# Audi quattro - etremly lighted and shortened



## WAUOla (Apr 15, 2005)

*Audi quattro - extremly lighted and shortened*

As the season's first Gatebil.no event is finished, this extremely
modified urquattro showed up. In a sort-of Sport quattro mod,
and extremly lighted of weight. Notice the engine!
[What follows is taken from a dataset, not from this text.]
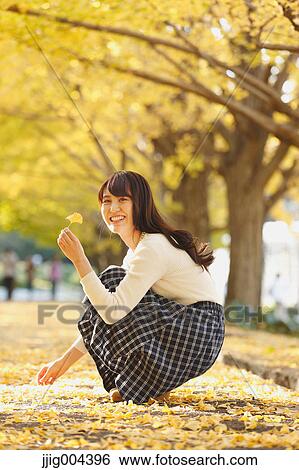 Young Japanese woman in a city park View Large Photo Image Stock Photograph - Young Japanese woman in a city park. Fotosearch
YES we in Norway (that would be PerL and me here at Vortex) are
well aware of the ugliness of those rims

























































































Film of the car from previous state (or IS it the same?)








Same owner atleast...
http://www.pvv.org/~olekvi/dah...h.avi


_Modified by WAUOla at 5:39 PM 5-28-2006_


----------



## WAUOla (Apr 15, 2005)

Some moderator are free to ad a X in topic as
my keyboard has a faulty button!


----------



## Sepp (Dec 10, 2002)

*Re: (WAUOla)*

interesting exhaust pipe coming out through the door....


----------



## Sir Biggz (Aug 12, 2003)

*Re: (Sepp)*

what's with the RiMZZ?


----------



## PerL (Jan 9, 2001)

*Re: (Sir Biggz)*

It was said in a different forum that this guy runs the chrome rims because he is an importer of them, to his counrty, Sweden. That's why he uses them, to showcase them.


----------



## beermonster (Dec 31, 2004)

*Re: (PerL)*

Those rims are shorchingly horrible......


----------



## airbats801 (Mar 24, 2006)

*Re: Audi quattro - extremly lighted and shortened (WAUOla)*

fkjddsa fda;fdau0[32nf ajfa;kojhfangds fah;fojdao
Thats me going blind and trying to type after seeing those wheels....
Half the pics are dead.. I wanted to see the engine


----------



## WAUOla (Apr 15, 2005)

should've checked the forum earlier then


----------



## Phunkshon (Nov 16, 2005)

*Re: (WAUOla)*

Those rims are like putting workmen boots on a super-model. Really out of place. Otherwise I like the car.


----------



## RallyAudi (Jul 3, 2006)

bling....bling


----------



## buddydadog (Dec 10, 2002)

*Re: (RallyAudi)*

Another end to a sad story....what once was a beutiful rare car is a peice of butchered to **** scrap metal


----------



## MGaz (Aug 9, 2006)

*Re: (buddydadog)*


_Quote, originally posted by *buddydadog* »_Another end to a sad story....what once was a beutiful rare car is a peice of butchered to **** scrap metal 

with the exception of the wheels







it's a 'track tool'.. what do u expect?
it's no differet a story than that of say a mk1 escort, gutted out and rallyed on a regular basis.
wouldn't want a gutted out rally/track car my self but its still nice to see the odd one or two compeating. http://****************.com/smile/emthup.gif


----------